As a pituitary tumour extends upwards from the diaphragma sellae and compresses
the optic chiasm, it classically causes superior quadrantic defects followed by
bitemporal hemianopia. It can however cause any variety of visual field defects,
including unilateral (or bilateral) field defects in all quadrants, due to the variable
position of the chiasm above the pituitary.
Question 39
Which of the following statements about immunisation is CORRECT?

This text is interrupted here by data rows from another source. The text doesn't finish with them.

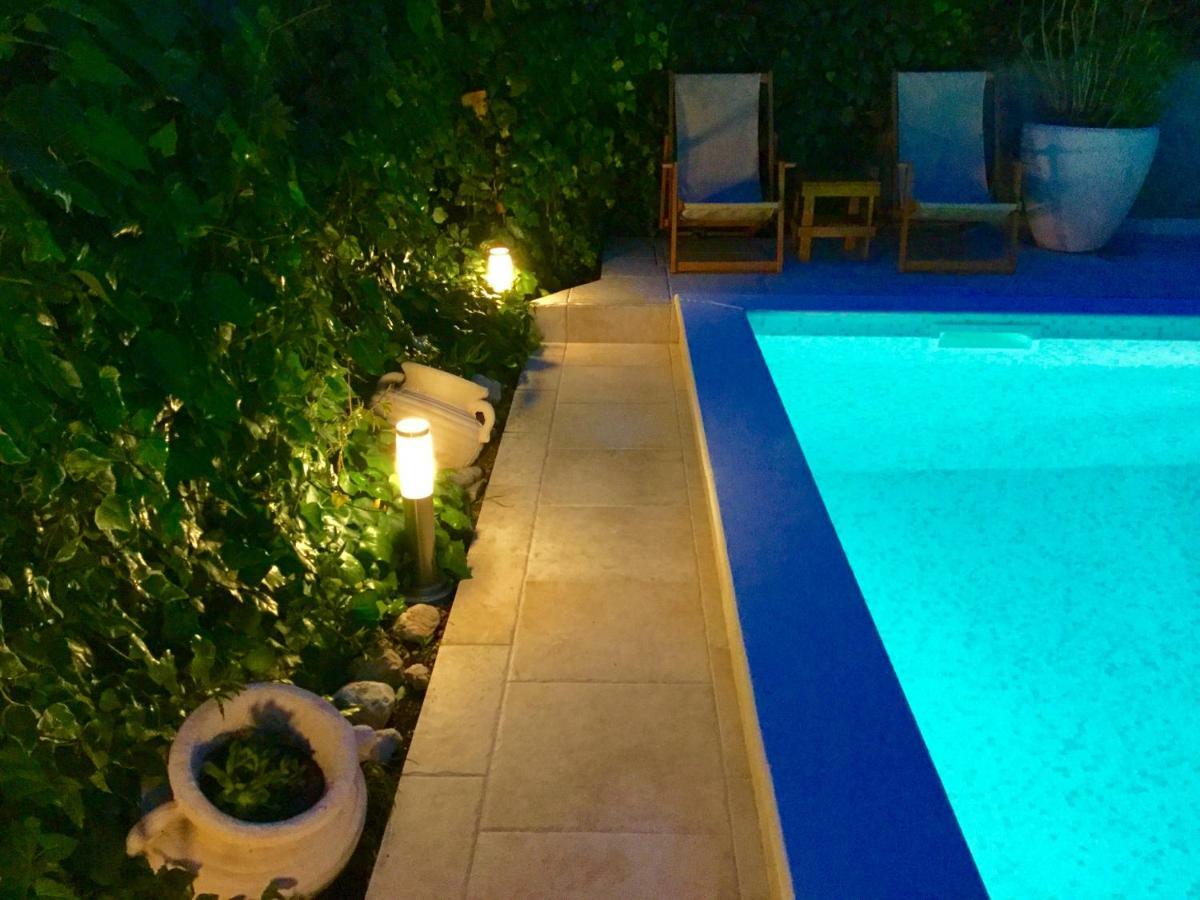 Apartments Pean Tivat Dış mekan fotoğraf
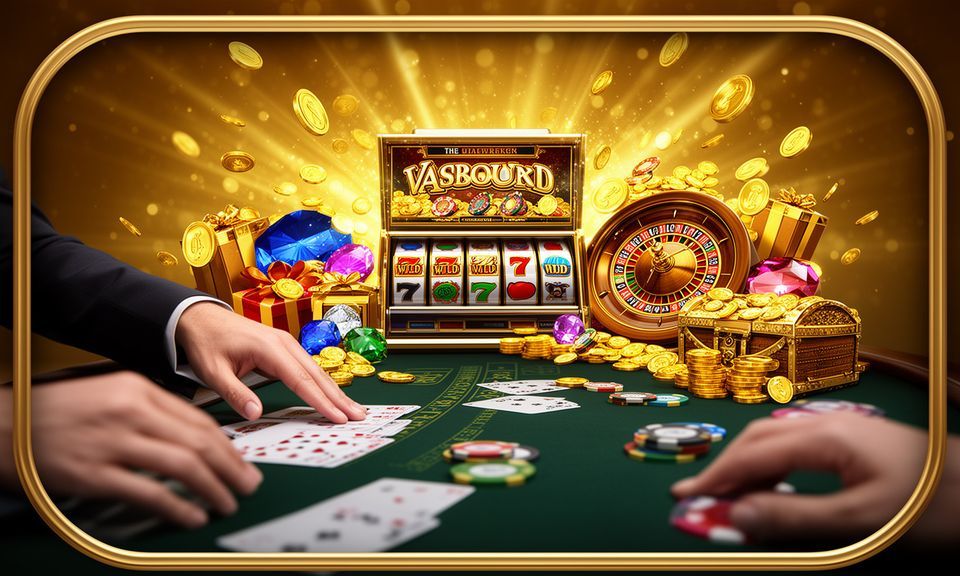 qg777 Baccarat RoyalFlush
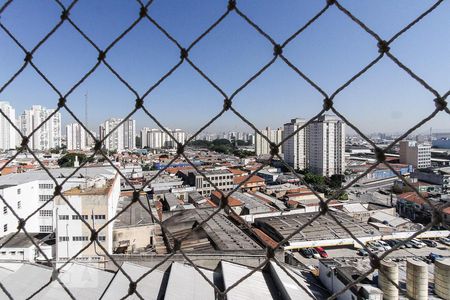 Vista de apartamento para alugar com 2 quartos, 50m² em Quarta Parada, São Paulo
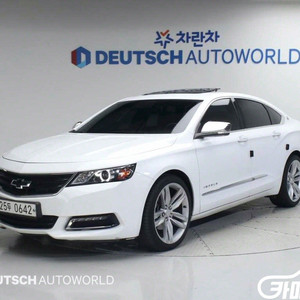 [쉐보레]임팔라 2.5 LTZ #최저가도전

a) If a child has a cold, they can't be vaccinated

b) Fever is an uncommon adverse event after immunisation

c) If a reaction is suspected, a test dose should be used

d) Anaphylaxis to egg is not a contraindication to MMR vaccine

e) Pre-term infants have an inadequate antibody response

An anaphylactic reaction to egg is not a contraindication to MMR vaccine. Infants
with minor colds without high fever can be safely immunised. Vaccination should only
be postponed if a child is acutely unwell or has a high fever (above 38.5 degrees
Celsius). A fever (low grade temperature) is a common adverse effect after
immunisation. Test doses are not recommended, they are just as likely to produce
an adverse event as the full dose. Premature infants should receive their
vaccinations at the same age as term infants, ie first dose of hepatitis B vaccine at
birth and then DTPa-hep B, HIB and polio vaccinations at 2 months after birth (no
correction for gestation).
* Question 40
Which of the following would be MOST helpful in distinguishing cerebral infarction
from cerebral neoplasm?

a) History of headache

b) Hemiplegia

c) Chronology of development

d) Carotid bruit

e) Focal abnormality on electroencephalogram

Chronology of development is the most important factor in differentiating cerebral
infarction from cerebral neoplasm. Cerebral infarction tends to be a simple, sudden
event or a series of stepwise events within hours to days. In comparison, neoplasms
tend to be preceded by symptoms such as headache, progressive cognitive decline,
seizures and vomiting, and may feature steadily progressive neurological signs. The
other options are all variably present in both conditions and are not diagnostic.